And I’m all alone and the fire grows.
Outside the City Limits
Foolish men walk the land and nothing can be done about it. Some men were born to be the background, to fall in the ditches and sink further into mud when trying to scramble out. These are the men which greater men are sworn to fight for, sometimes whether they acknowledge it or not.
Baxter sat on the ground and leaned against his pack. Occasionally he’d stretch, kick a rock around, perhaps hum a little tune, tinkering around with amulets and rusty daggers that he swore to the crowd were ancient relics of days long past, but for the most part he remained curled up, unable to find comfort. Eventually he stood up and began to pace, entertaining himself by throwing rocks off into the distance where he heard the shouts of battle, a castle under siege.
Though the storm outside was fierce, Tomlin’s yelling dominated the little cabin. He was a stout man, shorter than Baxter, and his face turned red from the strain of the stress. Baxter wrung his hands together, tall but meek.
“Please Tom, calm yourself! I know, I know, mistakes were made—“
“Just one little rope, that’s all you had to tie! Can’t stay in one play for a goddamn minute.”
Petty. It was always a petty problem, never anything bigger. One little rope can send a horse flying, one little horse can lose a whole lot of goods. Baxter jumped at the sound of a cannon firing within the city limits.

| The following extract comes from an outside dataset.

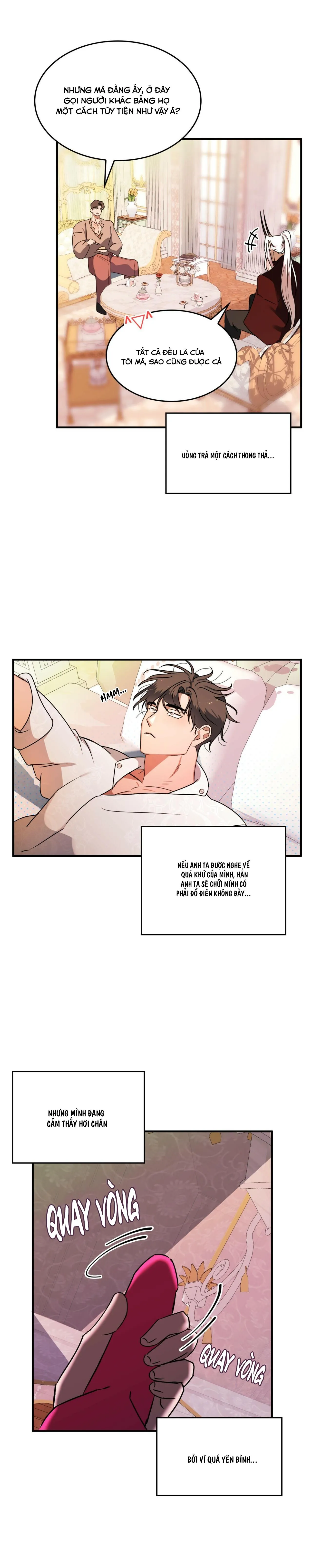 CHỦ NGHĨA ĐỘC THÂN!? Chapter 12 Trang 22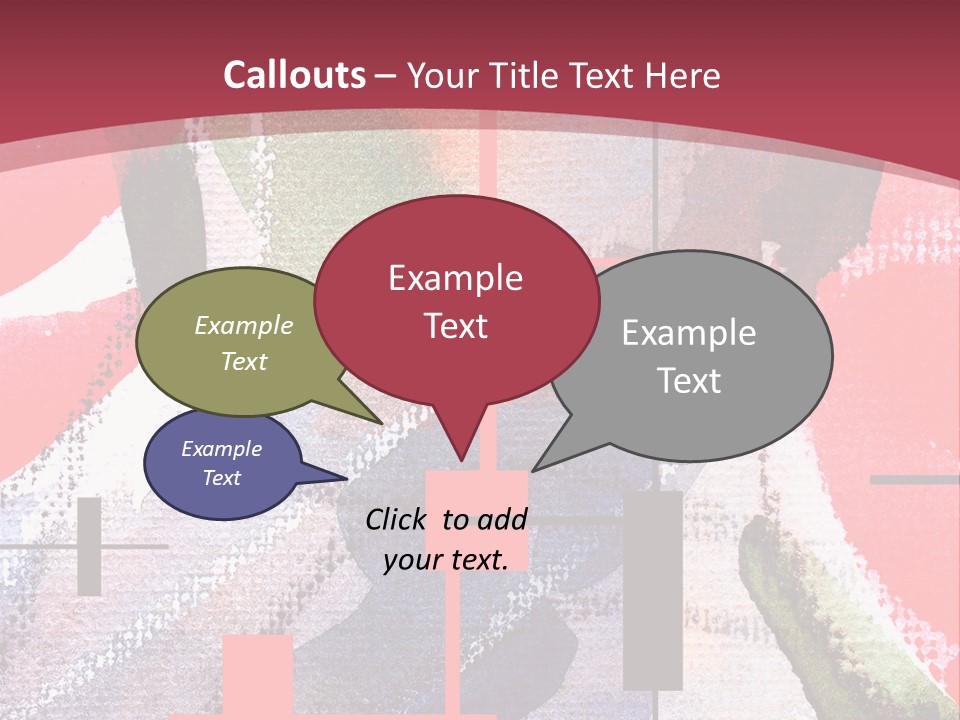 Grunge Paper Artistic PowerPoint Template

“Well what reason should I have to care—“
A firm push from Tomlinson and Baxter was sent flying backwards. His back hit the wooden desk behind him and he yelped just as thunder hit the sky. Praise to the clouds, for the rain covered the ensuing silence.
“Tell me ya don’t care one more time and I swear ya ain’t gettin’ back up.”
“Yes. Right! You certainly are a man of… um… conviction! Yes,” Baxter said awkwardly as he stood back up. “Yes, I like that, a man of conviction! Admirable, even!” He straightened his back with some strain after stooping down to pick up his small bundle.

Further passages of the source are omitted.